[Task to carry out] The material beneath this line should be printed exactly, with its pictures omitted.

[Data excerpt]
:::::

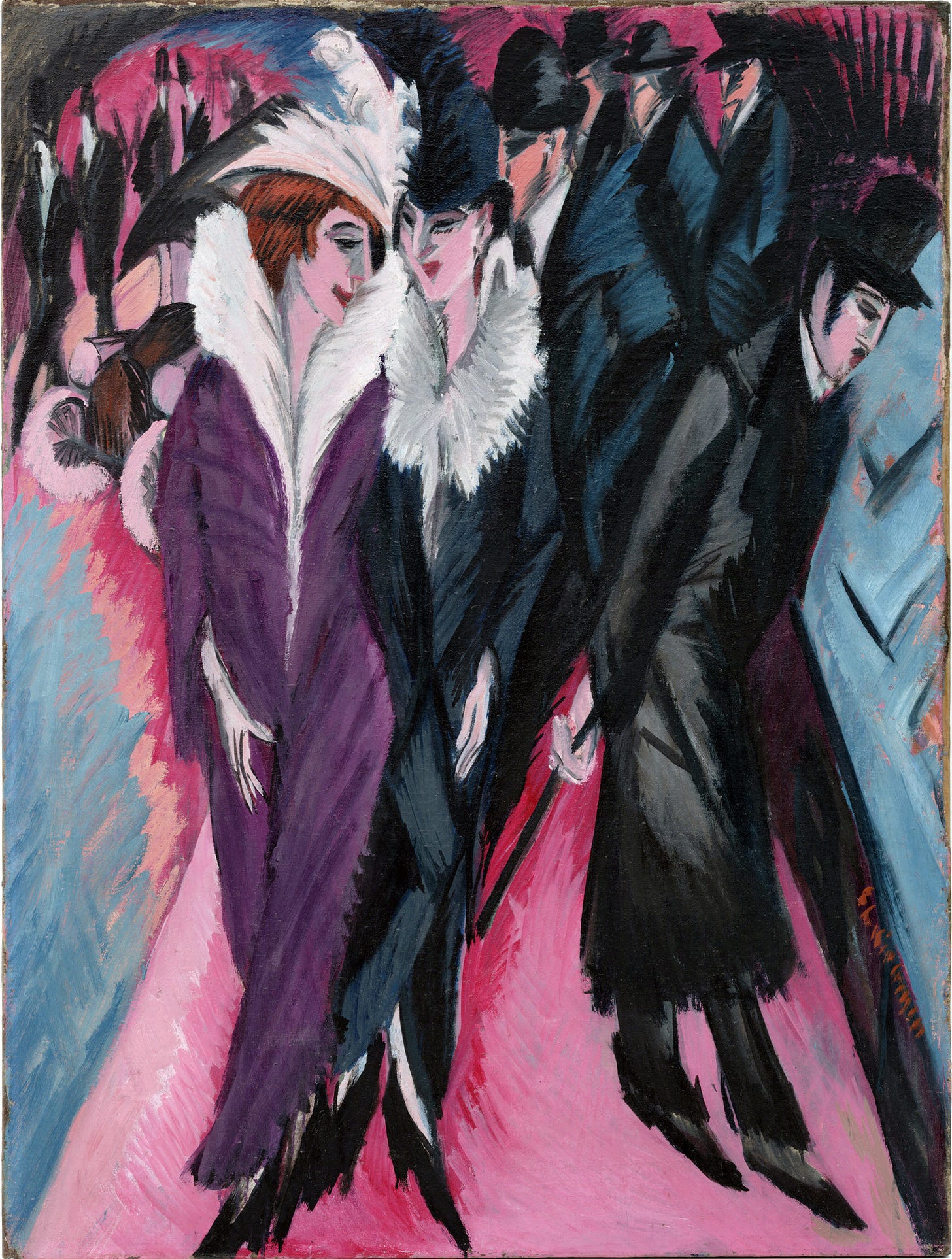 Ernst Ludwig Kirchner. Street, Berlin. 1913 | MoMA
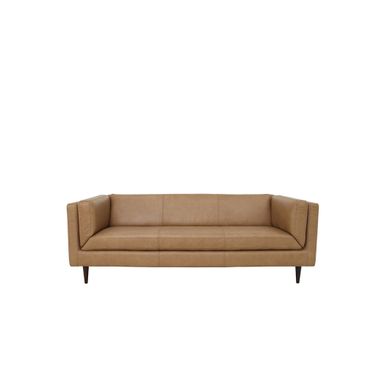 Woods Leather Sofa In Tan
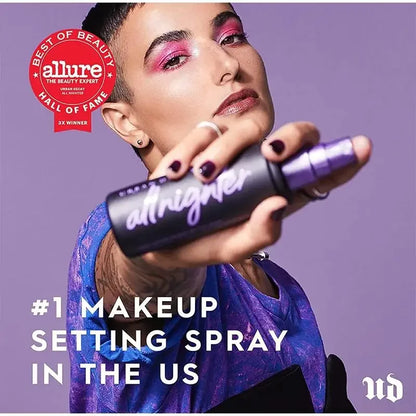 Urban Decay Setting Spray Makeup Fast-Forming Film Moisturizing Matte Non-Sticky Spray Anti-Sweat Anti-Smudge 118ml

:::::

[Solved exercise]
 Ernst Ludwig Kirchner. Street, Berlin. 1913 | MoMA
 Woods Leather Sofa In Tan
 Urban Decay Setting Spray Makeup Fast-Forming Film Moisturizing Matte Non-Sticky Spray Anti-Sweat Anti-Smudge 118ml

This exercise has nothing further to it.